I was busier than a bird dog in a field of starlings, cast to work with stars I'd seen in movies since childhood. I was tagged from the outset as a 'heavy' and found myself menacing Edward G. Robinson in my second film, ILLEGAL. Our very first scene took place in the Warner Bros. parking lot, where I was to pick him up and take him to my boss. Rehearsing, I stuck my blue steel gat under his nose and began to laugh. Mr. Robinson eyed me quizzically and asked what was so funny. "I never dreamt I would be sticking up Little Caesar," I replied, and we became fast friends afterwards. A genuine gent, he was; one of the great old school of actors.
Another of those. was Sylvia Sidney. Having been raised on the lower East Side of New York City, I had a special awe of her, having seen her in DEAD END, and now I was threatening her and Stephen McNally in a Celebrity Playhouse episode, THE HOUSE BETWEEN FLAGS, a Civil War tale. Miss Sidney would sit patiently between takes, absorbed in exquisite embroidery, and when the camera rolled, she ruled the stage.
Anybody know where I can get a copy of that show? I've been hunting for ages to find a tape of it without success.

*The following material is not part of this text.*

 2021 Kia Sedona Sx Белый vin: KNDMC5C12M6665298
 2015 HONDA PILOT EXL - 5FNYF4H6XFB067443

I worked with Stephen again about twenty years later, gunning him down in HELLBENT FOR LEATHER only to be killed in turn by Audie Murphy. As you can see, I had slipped easily out of my space suit to don black cowboy hats and blacker Nazi helmets, along with numerous gangster suits..rarely playing a nice guy, once as an American Captain in SCREAMING EAGLES, and as one of the three steady stars of ROUGH RIDERS. I had traded my imaginary trips to the planets for real ones to foreign locations ... can you imagine Roger ending up as Ann Sheridan's husband? We filmed WOMAN AND THE HUNTER * for three months in, the Northern Frontier District of Kenya, eating the game we shot, sleeping in tents or on cots under the star strewn skies, wishing we'd had a better script.
I have a new wife now, Barbara, who I refer to as my wild Irish Rose. She played a tiny part in a film we did in the Philippines, SILK II, but isn't an actress and not in the business. But she's my fan and I'm hers. We're both surprised that people have such nostalgia for the Space Cadet series .. and delighted to meet them at the events we attend. Maybe we'll see you at one of those things .. look for the guy in the Western duds; you'll find Roger Manning hiding under the Stetson..
* For further info on the African movie, see HOLLYWOOD HUSSAR, an autobiography by John Loder, who played my father in the film. Published by Howard Baker Press Limited, 1977.